TipCribbage Rules (click me!)

Before jumping into the text, here’s a refresher on the scoring rules of cribbage (specifically, 6-card 2-player cribbage). The game is a race to 121 points, starting from 0. These are not the full rules for playing the game, just the rules for scoring a hand.

First, each player is dealt six cards. Each must discard 2 cards to the crib, a bonus hand that is received by the dealer at the end of the current round (dealer changes each round). after both players discard to the crib, a card (“the cut”) will be flipped upright from the deck, and considered an addition to both players’ hands. Hands will be scored in the following ways:

Fifteens: Every distinct subset of cards such that their sum (card ranks, and 10 for all face cards) is exactly 15 will be awarded 2 points.

Pairs: Every distinct pair of same-rank cards will be awarded 2 points.

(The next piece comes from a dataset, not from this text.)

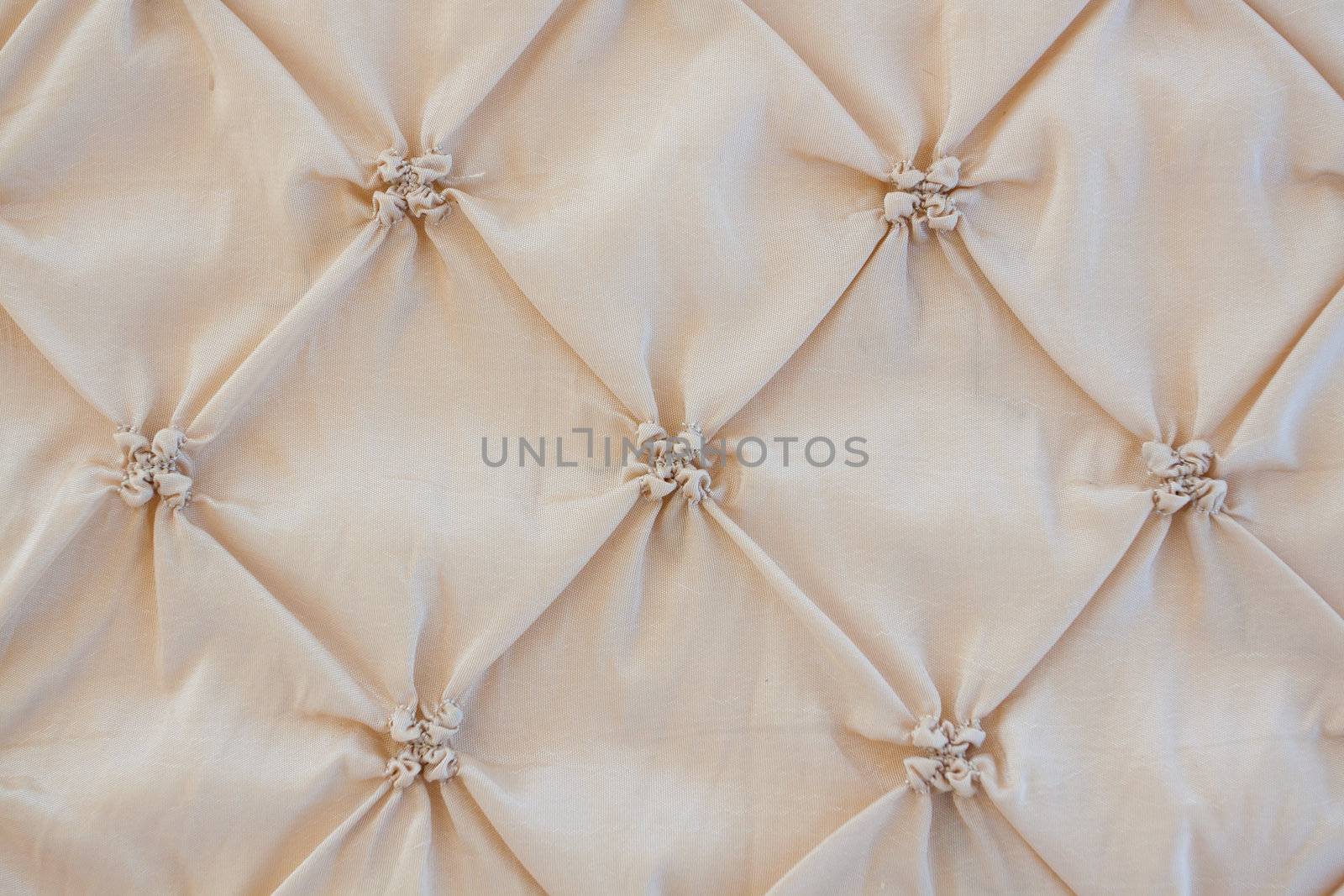 A tufted headboard with a beige tan tone to it at a wedding.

Runs: Every distinct sequence of consecutive card ranks will be awarded exactly as many points as the length of the sequence, provided that the length is at least 3 cards. Sequences cannot be split into smaller subsequences for additional scoring.

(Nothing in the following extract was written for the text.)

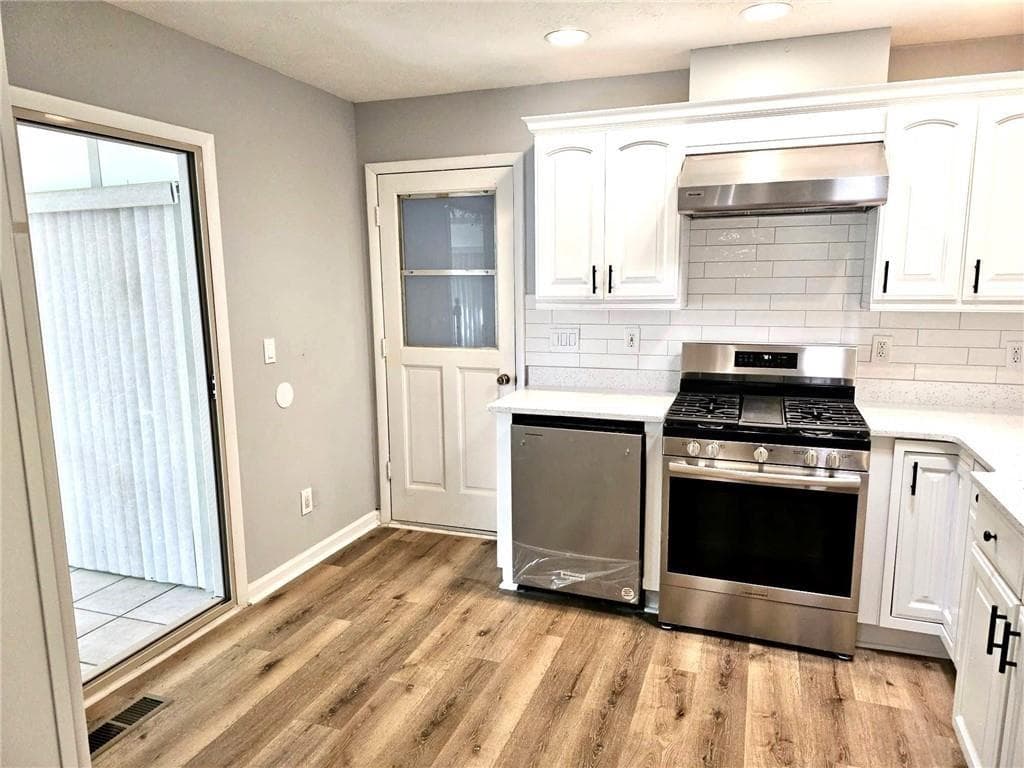 4 bedroom, 3 bathroom, 2,340 sq ft single family residence for sale at 1244 Hickory Wood Drive, Woodstock, GA 30188 — photo 9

Nobs: If a Jack in your hand is of the same suit as the cut-card, that player will be awarded 1 point.

Nibs: If the cut-card is a Jack, the dealer will be awarded 2 points.

Flush: If all 4 cards in-hand (before the cut-card) are of the same suit, that player will be awarded 4 points. If the cut-card is also of the same suit, that player will be awarded an additional point, for 5 total.

The total score of a hand is the sum of each of the above scoring methods. The crib is subject to the same scoring rules as any other hand, except that the crib can only score a flush if all 5 cards (including the cut-card) are of the same suit.

Introduction

Cribbage is a game about probabilistic decision making. It can often be hard to determine what the optimal cards to throw to the crib are, given that we aren’t computers, and the differences in expected value based on what you throw can be very minor.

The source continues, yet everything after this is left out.